- Garry Conille soll Haiti als Ministerpräsident der Übergangsregierung aus der Krise führen.
- Der Übergangspräsidialrat des Karibikstaates wählte ihn am Dienstag einstimmig.
Conille ist seit Anfang 2023 Regionalchef des UNO-Kinderhilfswerks für Amerika und die Karibik. Der Mediziner hatte zuvor in verschiedenen Positionen bei den Vereinten Nationen gearbeitet und war von September 2011 bis Mai 2012 bereits Ministerpräsident Haitis gewesen.
Nun soll er inmitten einer schweren Krise mit politischen Konflikten, Sicherheits- und Versorgungsproblemen in seinem Heimatland als Regierungschef den Weg hin zu den ersten Wahlen seit 2016 ebnen.

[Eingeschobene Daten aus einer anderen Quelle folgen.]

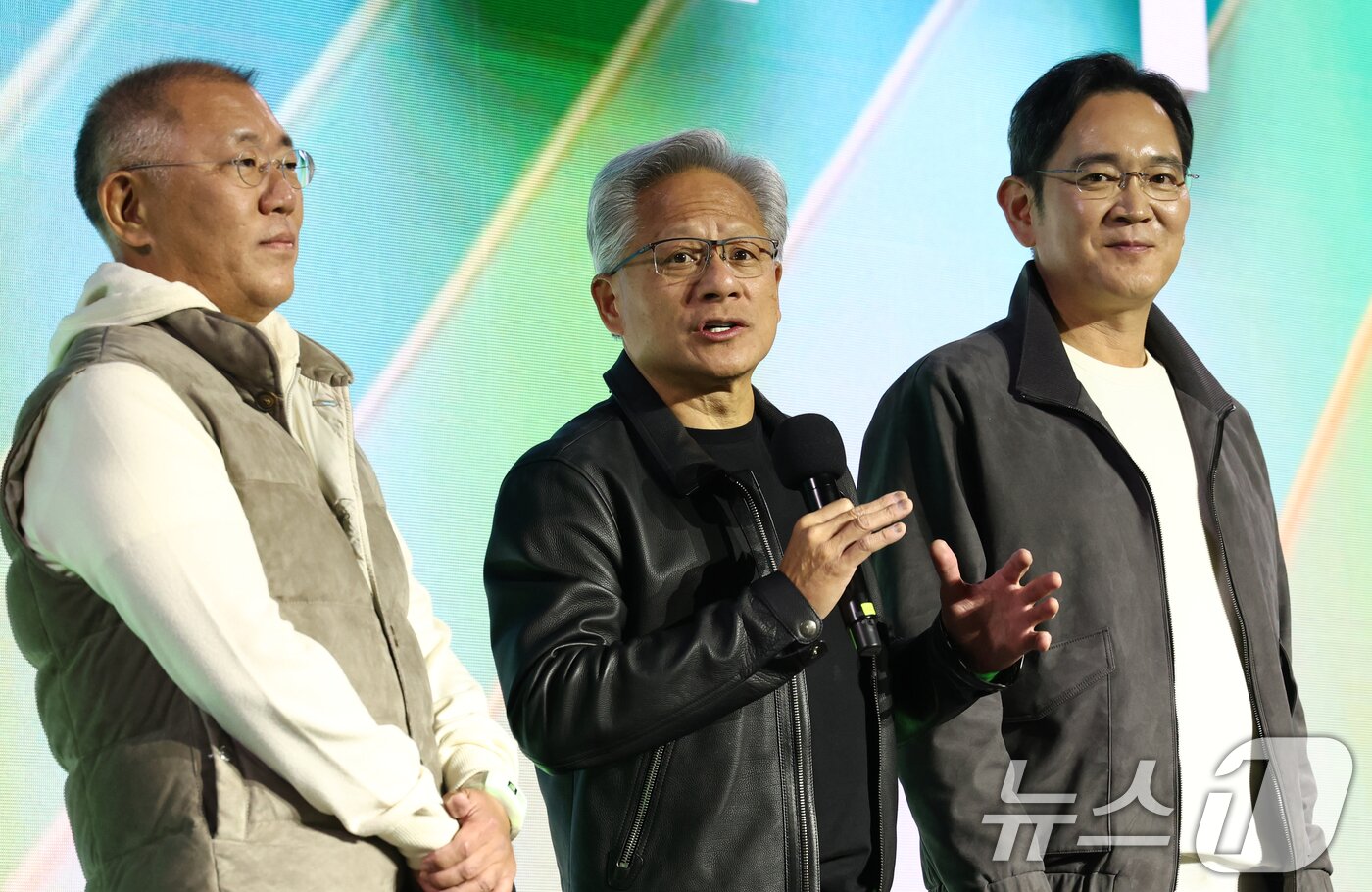 본문 이미지 - 젠슨 황 엔비디아 최고경영자가 30일 오후 서울 강남구 코엑스 K-POP 광장에서 열린 지포스 게이머 페스티벌에서 발언하고 있다. &#40;공동취재&#41; 2025.10.30/뉴스1 ⓒ News1 김진환 기자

Für viele Menschen sei Conille der richtige Kandidat, sagt der Journalist Toni Keppeler. «Er hat die letzten Jahre vor allem in UNO-Institutionen gearbeitet. Er ist parteilos und gilt als ein sehr ausgleichender Mensch. So kann er die sehr zerstrittene haitianische politische Szene wohl zumindest moderieren.» Keppeler berichtet seit langem über Haiti und bereist das Land immer wieder.
Haiti leidet seit Jahren unter der Gewalt schwer bewaffneter Banden, die die Hauptstadt Port-au-Prince grösstenteils unter ihrer Kontrolle haben. Ab Ende Februar eskalierte die Lage, als ein Bündnis mehrerer Banden mit einer Reihe von Gewalttaten die Stadt lahmlegte.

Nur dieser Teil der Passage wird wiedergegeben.